Georgetown University’s 2010-20 campus plan is now in the hands of the D.C. Zoning Commission. After all the points and counterpoints, we find ourselves not quite in agreement with anyone. We have previously stated on this page in July: “We agree that an overwhelming majority — and most definitely freshmen and sophomores — should be required to live on campus and be guaranteed on-campus housing. But 100 percent of all undergraduates? Sorry, no.”

With that said, we are in agreement with the Citizens Association of Georgetown that increased trash pick-up and improved shuttle, as cited by the university, is a less than spectacular response to the neighbors’ anger with student’s behavior after hours along their streets.

Here is but a bit from CAG of what some Georgetown residents report.

Michelle Galler: “I am writing as a resident of 36th Street, and a victim of multiple vandalism incidents involving drunk Georgetown University students. Once again, last night, at precisely 2:38 am, a band of drunken, loud students removed the plants from the planters in front of my home and maliciously threw them around the premises. They have done the same with my plantings in the past, as well as urinating on the front lawn and screaming and throwing loud street parties well into the night. . . . We are helplessly being surrounded by callous, entitled students who are not being sufficiently penalized for their bad behavior.”

Walter Parrs went further: “I have lost hope that GU will implement any enforcement plan that will address the extensive problems that Burleith and West Georgetown face. How can any university – or anyone for that matter – control literally hundreds of steaming-drunk college students spread over two neighborhoods? I understand why GU cannot propose an enforcement plan: There is none that will work.”

The university mailed brochures to Georgetown residents a month ago outlining their new efforts.
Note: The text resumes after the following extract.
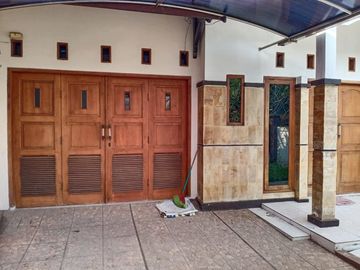 Di Jual Rumah Siap Huni 5 Kamar di Taman Kopo Indah 2 Bandung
The brochure displayed a headline which read: “We value you as neighbors.”

You think? Sounds kind of condescending.

We know the university is an invaluable plus to this neighborhood, Washington, D.C., and the nation. No doubt about that: one of the greatest schools in America. Its campus plan mostly gained approval from the Washington Post, which wrote in October: “Imagine a city telling its largest private employer — one that pays millions in taxes and salaries, strives to hire local residents and voluntarily does community service — that it can’t grow anymore, that it might have to cut back. That seems far-fetched in light of today’s scary economy, but it’s essentially what D.C. officials are telling Georgetown University by insisting it either house all its students or cut back enrollment. The District seems distressingly disinterested in promoting a knowledge-based economy.” Again, we find it hard to disagree with that.

Here’s the catch: students who live on campus walk back along Prospect, N and other streets from events, parties and bars. That will not change. Homeowners will hear their drunken cries at 2 a.m. It is the city, the partly youthful nature of Georgetown is a good thing. For students who live in off-campus houses and get repeatedly cited by neighbors and the likes of CAG, expulsion must be in play. (We haven’t even touched upon traffic, a new playing field or boathouse, among the many other proposals.)

University administrators must totally upgrade and update their mindset — promoting campus events, offering courses, crafting programs to its closest neighbors (not just those across the city or the globe), who are their “trustees” to the world just as the students are the university’s “representatives” to the neighborhood. We are here; we are not leaving, either. Ten-year plan? We think the university should be in close, continual conversation with local leaders and neighbors. No more closed doors: politics is local, after all. Time for the administrators to open their schools and minds to the neighborhood with an active wooing of — and union with — groups and citizens to the point that Georgetowners say, “We value you as a neighbor.”